After all, the operating ratio is nothing more than what its name implies: a mathematical relationship between a railroad’s revenues and costs.  For that matter, the OR can be improved (i.e. lowered) both by either reducing costs or by increasing revenues.  And it’s possible to improve OR by increasing operating costs … if operating revenues increase more.

For example, if revenues were $100 million, and operating costs were $70 million, the operating ratio would be 70 percent.  If the production of an additional $15 million in revenues could be accomplished via an addition of $10 million in operating costs, the operating ratio would be 67 percent.  New business often produces additional costs, but if done prudently, this has the possibility of improving this metric even with an increase in overall operating costs!

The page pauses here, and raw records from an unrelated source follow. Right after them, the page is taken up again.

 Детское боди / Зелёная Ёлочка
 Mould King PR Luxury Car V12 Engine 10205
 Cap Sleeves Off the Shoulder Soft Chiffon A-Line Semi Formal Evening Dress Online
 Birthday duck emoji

No, this isn’t easy, or “everybody would be doing it” (although that also seems to be the rationale for PSR, with the exception of the BNSF…).  However, where there is available capacity, the possibility exists.  For that matter, improved service, along with better crew utilization, might actually produce efficiencies that cause expenses to go down, not up.  Even if that does not occur, there are certainly times when a modest increase in cost can leverage a greater increase in revenues.

An example of this in another mode is provided by Delta Airlines.  Following its emergence from bankruptcy in 2007, a new top management team sought to change the carrier’s culture to create a premium product that customers would choose to pay for.  A key change was assuring operational reliability, by adding more spare aircraft to the airline’s schedules.  This, of course, produced an increase, not a reduction, in operating costs.

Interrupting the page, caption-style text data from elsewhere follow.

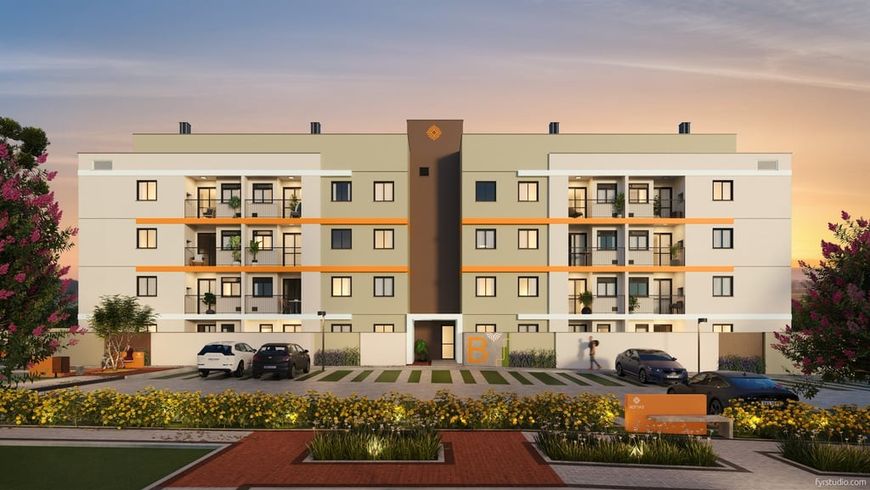 Apartamento com 2 quartos à venda por R$ 397659.00, 53.30 m2 - HAUER - CURITIBA/PR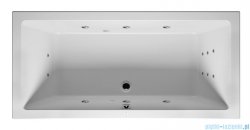 Riho Lugo wanna prostokąta 180x80cm z hydromasażem FLOW lewa B133011005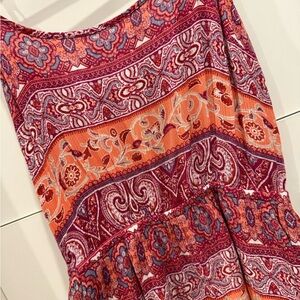 Vibrant Paisley Print Romper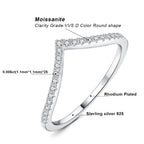Moissanite D Color Round Cut Wedding Ring 925 Sterling Silver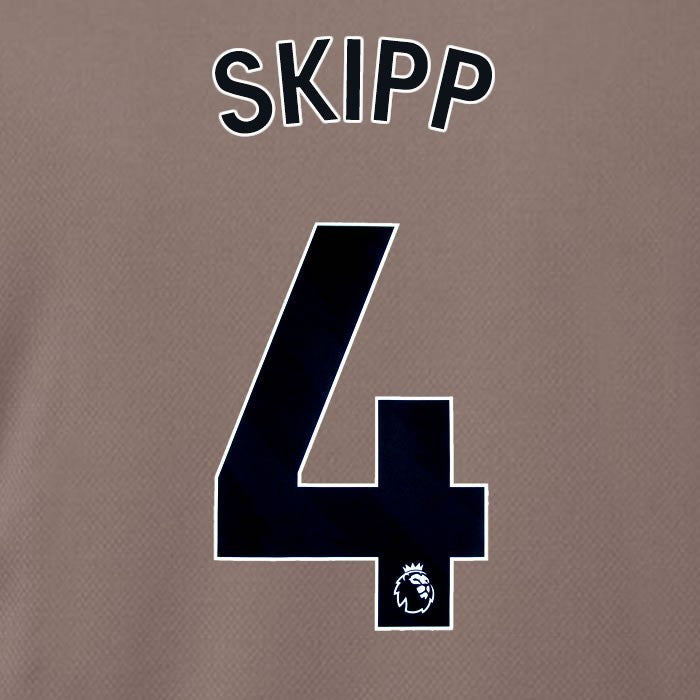 SPURS 2023 2024 SKIPP 4 BLACK 3RD PLAYER SIZE NAME SET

By 2014, the Delta was named Airline of the Year by a respected trade journal, and the CEO was named one of the World’s Best CEOs by Barron’s magazine.  I suspect that more than a few of you reading this will be surprised to learn that this was during Richard Anderson’s tenure as Delta CEO.

At the end of the day, operating ratio is a single statistical measure, not a strategy, nor a definitive indicator of whether a company will survive, much less prosper, in the long term.